Directed By: Joe Roth
Written By: Christopher Columbus
Based On The Novel By: John Grisham
Staring: Tim Allen, Jamie Lee Curtis, Dan Akroyd, M. Emmet Walsh, Elizabeth Franz, Erik Per Sullivan, Austin Pendleton, Cheech Marin, Jake Busey, Caroline Rhea, René Lavan, Felicity Huffman, and Julie Gonzalo
…as odd as it sounds, I didn’t think to ask the butcher where the chocolate was! -Luther Krank
Review
My holiday film watching season is starting off in a very bleak manner. I did not enjoy the book “Skipping Christmas”, an uncharacteristic departure for John Grisham, and I am an avid reader of his work. I approached this film adaptation cautiously, but harboring some hope because of my affection for both Tim Allen and Jamie Lee Curtis. After watching this evil and fascist film I feel like I’ve swallowed poison. Christmas With The Kranks is the sort of film that leaves you wanting to cheer BAH HUMBUG! There was a feeling of being suffocated by Christmas and conforming all in the same breath. There was very little redeeming about this mean spirited Christmas comedy.
The neighborhood it’s set in makes Whoville look like a very mellow supporter of Christmas, with exception of course to the Grinch-like characters of the Kranks who have lost their holiday spirit facing the idea of spending their first Christmas without their daughter who has joined the Peace Corps. To avoid the sting of solitude and the mass anxiety that accompanies the Holiday hustle, they opt to treat themselves to a romantic holiday on a Caribbean Cruise. Somewhere in the world created by Joe Roth, this is a apparently blasphemy. As the neighbors discover this apparent Faux Pas, the pod people emerge and point their fingers like Donald Sutherland. Somehow though, as the story progresses we are encouraged to be enlightened by these conformist pod people?
The biggest problem here is Roth makes the gregarious error of making Luther and his wife’s protest against the conformity of others seem logical and reasonable, and that reason being they are all a group of crazies. But then we are supposed to make a 360 and agree with the wonky neighbors who have been portrayed as insincere and vicious dogmatics? This shallow film and its weak premise celebrates the idea that anyone who doesn’t fall into the social norm of what a Capitalist Christmas should be about should be punished and ridiculed.

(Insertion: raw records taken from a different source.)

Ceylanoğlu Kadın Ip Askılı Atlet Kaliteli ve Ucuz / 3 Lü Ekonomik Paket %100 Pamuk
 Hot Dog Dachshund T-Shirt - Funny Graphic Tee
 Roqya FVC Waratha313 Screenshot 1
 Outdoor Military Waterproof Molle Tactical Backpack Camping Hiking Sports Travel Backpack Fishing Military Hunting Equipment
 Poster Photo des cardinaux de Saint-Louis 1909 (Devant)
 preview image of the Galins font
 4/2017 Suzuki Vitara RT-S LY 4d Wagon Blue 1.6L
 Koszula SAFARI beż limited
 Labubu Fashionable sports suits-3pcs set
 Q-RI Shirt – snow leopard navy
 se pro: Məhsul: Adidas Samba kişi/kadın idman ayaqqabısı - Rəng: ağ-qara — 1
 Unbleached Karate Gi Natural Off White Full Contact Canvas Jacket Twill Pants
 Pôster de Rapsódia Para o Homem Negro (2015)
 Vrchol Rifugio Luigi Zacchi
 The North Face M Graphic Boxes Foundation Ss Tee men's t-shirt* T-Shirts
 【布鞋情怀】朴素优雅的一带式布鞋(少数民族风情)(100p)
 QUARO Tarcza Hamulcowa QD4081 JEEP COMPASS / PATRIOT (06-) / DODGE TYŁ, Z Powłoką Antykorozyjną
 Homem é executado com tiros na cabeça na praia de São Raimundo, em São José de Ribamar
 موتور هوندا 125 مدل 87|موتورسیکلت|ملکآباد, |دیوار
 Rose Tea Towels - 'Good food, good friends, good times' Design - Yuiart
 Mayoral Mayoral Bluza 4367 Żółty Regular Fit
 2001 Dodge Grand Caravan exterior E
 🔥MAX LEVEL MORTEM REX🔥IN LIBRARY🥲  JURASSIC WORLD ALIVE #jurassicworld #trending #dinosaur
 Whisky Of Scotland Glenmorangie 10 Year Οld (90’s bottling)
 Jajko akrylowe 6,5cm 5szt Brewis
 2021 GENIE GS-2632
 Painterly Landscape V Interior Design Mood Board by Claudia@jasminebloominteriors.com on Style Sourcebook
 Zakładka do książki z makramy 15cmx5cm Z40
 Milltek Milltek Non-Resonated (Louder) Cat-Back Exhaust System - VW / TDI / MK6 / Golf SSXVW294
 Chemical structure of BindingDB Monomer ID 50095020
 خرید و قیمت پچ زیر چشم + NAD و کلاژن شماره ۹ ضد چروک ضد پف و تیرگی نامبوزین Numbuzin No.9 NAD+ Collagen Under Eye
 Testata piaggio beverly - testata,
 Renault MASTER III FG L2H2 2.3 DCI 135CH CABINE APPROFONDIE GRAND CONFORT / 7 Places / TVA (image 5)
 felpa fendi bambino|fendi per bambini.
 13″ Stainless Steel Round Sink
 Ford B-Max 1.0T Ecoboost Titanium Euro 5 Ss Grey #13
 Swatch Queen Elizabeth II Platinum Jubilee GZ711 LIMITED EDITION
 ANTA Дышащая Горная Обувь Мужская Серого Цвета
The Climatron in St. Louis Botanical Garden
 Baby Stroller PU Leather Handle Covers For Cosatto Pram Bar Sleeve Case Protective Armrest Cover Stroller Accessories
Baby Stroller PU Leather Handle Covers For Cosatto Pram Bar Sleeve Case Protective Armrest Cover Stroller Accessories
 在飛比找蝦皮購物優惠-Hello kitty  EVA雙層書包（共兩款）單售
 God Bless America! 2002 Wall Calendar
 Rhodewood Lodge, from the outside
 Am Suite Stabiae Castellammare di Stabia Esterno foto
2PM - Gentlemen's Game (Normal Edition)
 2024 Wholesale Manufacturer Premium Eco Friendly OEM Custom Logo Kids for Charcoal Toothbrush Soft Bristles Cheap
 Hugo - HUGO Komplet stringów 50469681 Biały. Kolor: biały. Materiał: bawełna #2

The finale hits up with some predictable sentimentality that has no place in the negative spirit the films tone has set. The intensely mediocre feel the film exudes does not dissipate throughout, and the contradictory ending is a slap in the face. The only redeeming quality was Tim Allen who played his part well, the only thing he did wrong was chose this insulting film indulging the materialism of the holidays. Christmas With The Kranks was pathetic and I don’t feel right giving it a single star.